Real Estate Investors - Get An Interest-Free Loan From Uncle Sam With A Section 1031 Exchange

{{{Real Estate|Property}}} Investors - Get An Interest-Free Loan From {{{Uncle Sam|the Government}}} With {{{A 1031 Exchange|A Section 1031 Exchange}}}

by Trisha Coppley

A 1031 tax exchange is a method used by real estate investors to indefinitely defer tax liability on a property's sale. This is done by giving the rights to a piece of property one would like to sell to a qualified intermediary, who then holds the proceeds from its sale and uses the money to buy a replacement in compliance with the rules set out in Section 1031 .

While the present interest in the 1031 tax exchange might give you the impression that Section 1031 only recently came on the scene, this is untrue. In reality, the history of the 1031 exchange extends as far back as 1921, though it was originally was quite different than what we today think of as an exchange. The 1031 Exchange truly came into its own in the seventies, which saw a host of important modifications in the manner that exchanges were conducted.
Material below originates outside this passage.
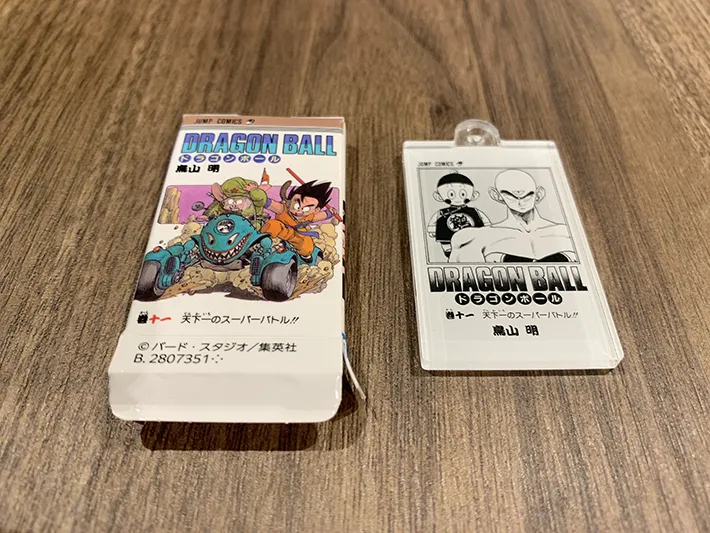 ドラゴンボールのカプセルトイの写真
These modifications resulted in a more powerful conception of the 1031 process and created greater interest from real estate investors.

The indefinite capital gains tax deferral a 1031 exchange grants to the investor may, at first glance, seem to represent a gift from the US government, but it is, in reality, closer to an interest-free loan. This is because there is an expectation that the investor will repay the funds gained from the deferral by paying capital gains taxes upon the eventual sale of a replacement property. Additionally, this “interest-free loan” may be kept by the investor for an indefinite period of time; an investor can choose to make any number of exchanges before finally deciding to sell outright, at which point capital gains taxes must be paid.

Section 1031 represents a mutually advantageous arrangement between investors and the United States government, providing a benefit for the country's economy in addition to the individual investor. By looking upon the transfer of value in an exchange as representing an extension of an existing investment instead of as a separate transaction liable to be taxed, investors are given the opportunity to transfer their funds into the best investments possible, which, in turn, helps to elevate the economy by encouraging job growth.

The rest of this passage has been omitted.